Although the records contain pictures, none belong in the copy: restate word for word only the lines from the one with "Xanthoria parietina" through the one with "swimming Black-throated Diver", both included.

-------- INPUT RECORDS --------

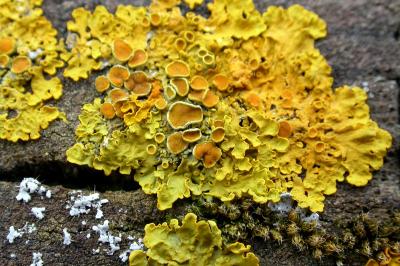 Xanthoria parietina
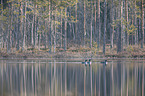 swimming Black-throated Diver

--------
-------- INPUT RECORDS --------

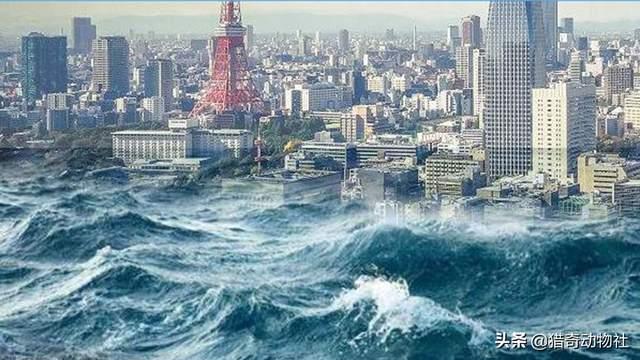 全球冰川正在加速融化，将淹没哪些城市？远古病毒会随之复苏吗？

--------

ANSWER TO THIS EXERCISE:
 Xanthoria parietina
 swimming Black-throated Diver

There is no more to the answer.